PROMPT: The listing, minus its pictures, is to be given again exactly.

PROVIDED DATA:

━━━━━━━━━━━━━━━━━━━━

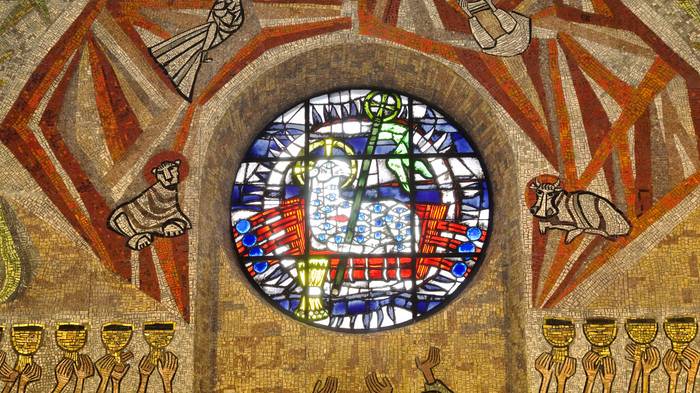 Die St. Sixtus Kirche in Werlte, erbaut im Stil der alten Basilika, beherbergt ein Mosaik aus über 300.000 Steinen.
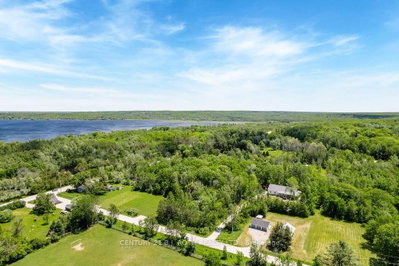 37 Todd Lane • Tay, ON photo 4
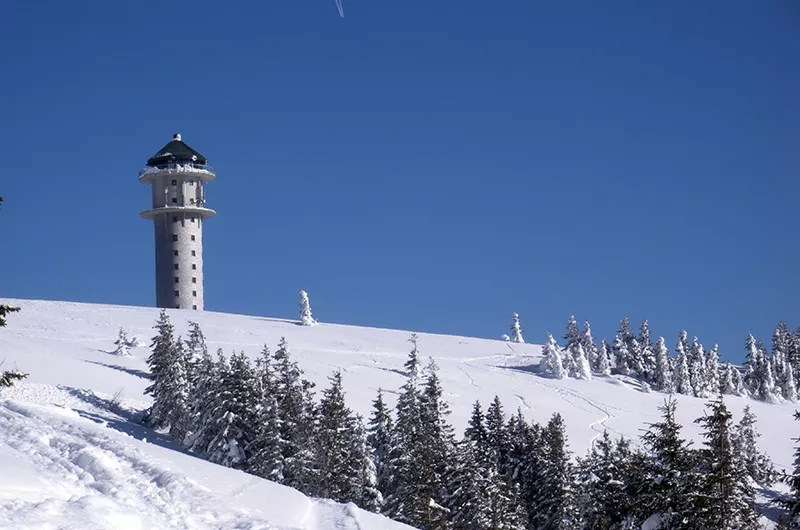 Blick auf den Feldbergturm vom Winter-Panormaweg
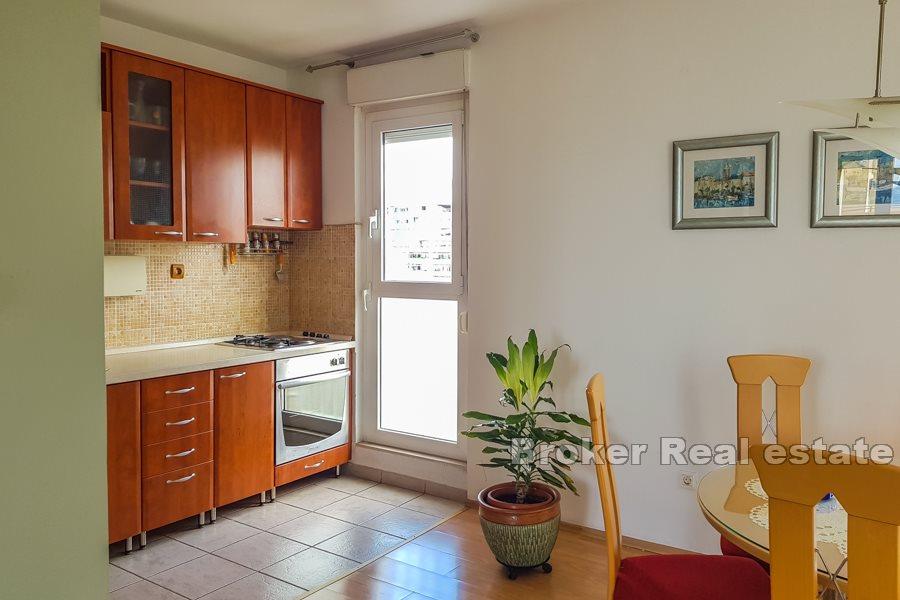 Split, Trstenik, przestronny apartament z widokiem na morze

━━━━━━━━━━━━━━━━━━━━

EXPECTED OUTPUT:
 Die St. Sixtus Kirche in Werlte, erbaut im Stil der alten Basilika, beherbergt ein Mosaik aus über 300.000 Steinen.
 37 Todd Lane • Tay, ON photo 4
 Blick auf den Feldbergturm vom Winter-Panormaweg
 Split, Trstenik, przestronny apartament z widokiem na morze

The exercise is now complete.